Parking problems


“Enter to learn, go forth to serve” These words have inspired professor and pupil alike on the lifelong journey of education and self-improvement. They promise a worthwhile education and the skills to be a valuable contribution to the workplace. The only obstacle is the command “enter to learn.” Some of you reading this may have never had to park a car here, but I believe I speak for all students who commute when I say that for us, it’s huge. Picture a bunch of big metal vultures following pedestrians around the parking lot hoping their prey will enter a vehicle and escape, leaving the space vacant. It’s a jungle out there.

So what’s the problem, exactly? Do we just not have enough spaces? Looking at our parking and off-campus housing stats will show that we have about one parking space per two on-campus housing students (including almost all part-time and evening-class students), so I think it’s clear that the problem we have isn’t about the number of spaces available, but where they’re located. From some student parking it takes more than 10 minutes to walk to the center of campus. For a working student that could mean missing the first and last 10 minutes of every class, all the time.

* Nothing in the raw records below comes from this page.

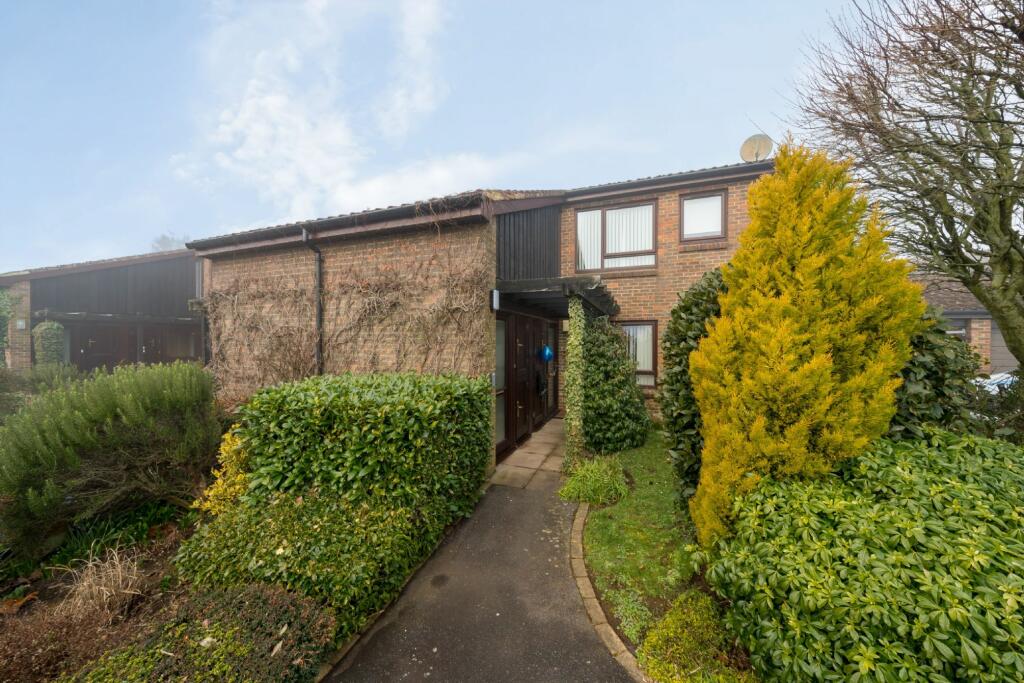 2 bedroom retirement property for sale in Roding Close, Elmbridge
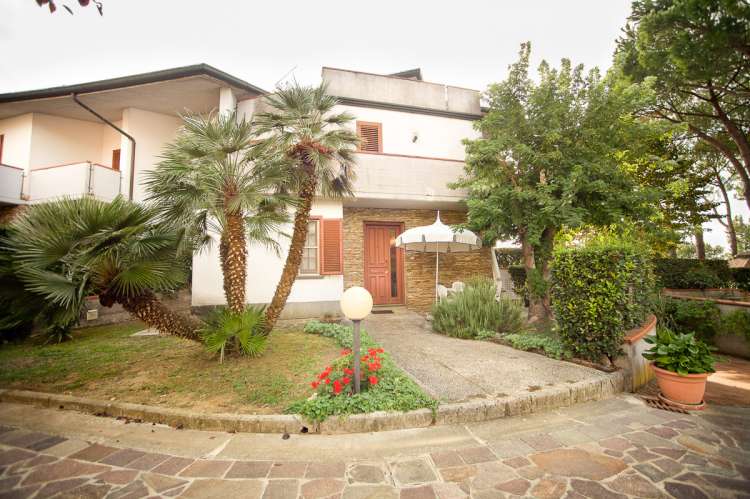 Bildet viser feriehus på familievennlig feriebosted i landsby nært Pisa.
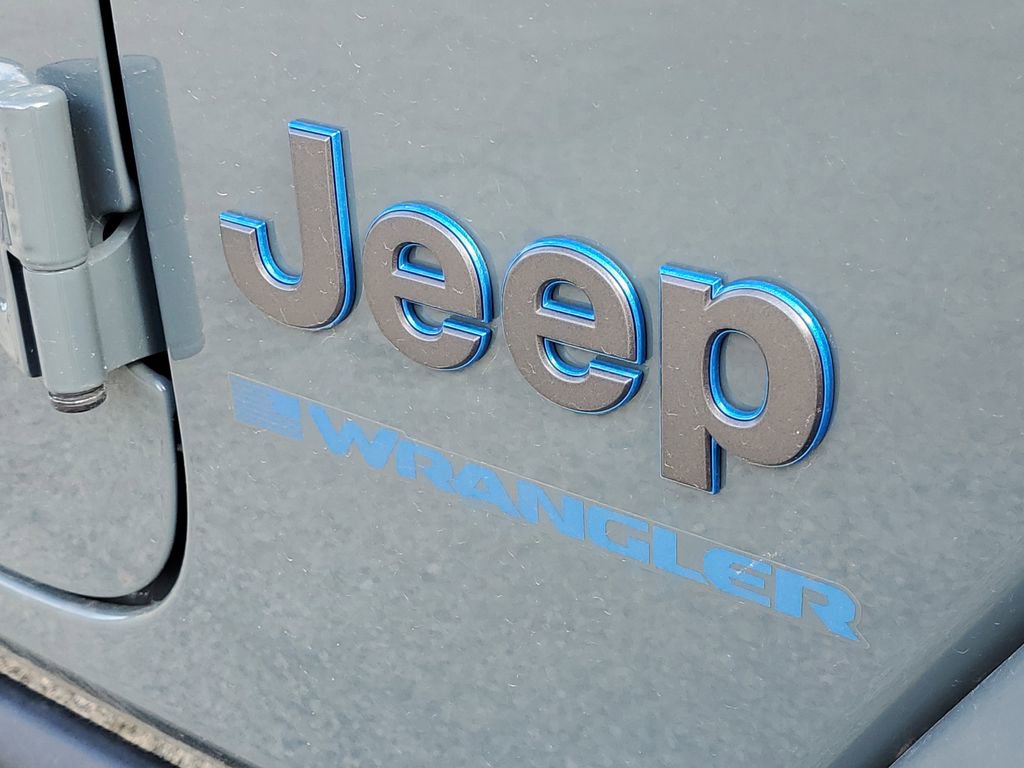 Used 2025 Jeep Wrangler Unlimited Sahara AWD/4WD image 6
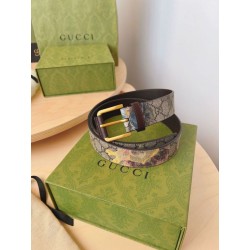 Cintura Gucci stampa garofano GG 677534 35mm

Try earning an academic scholarship with that roadblock in the way.

The space is there, but the location is unfair. Simply redistributing the available spaces could be a critical step in the academic success of some of our students. We, as a university, should be accommodating the needs of our students. We should have, as our mission statement says, “a commitment to excellence … and the full realization of human potential.” We’re not a mediocre school; we shouldn’t settle for a mediocre parking lot.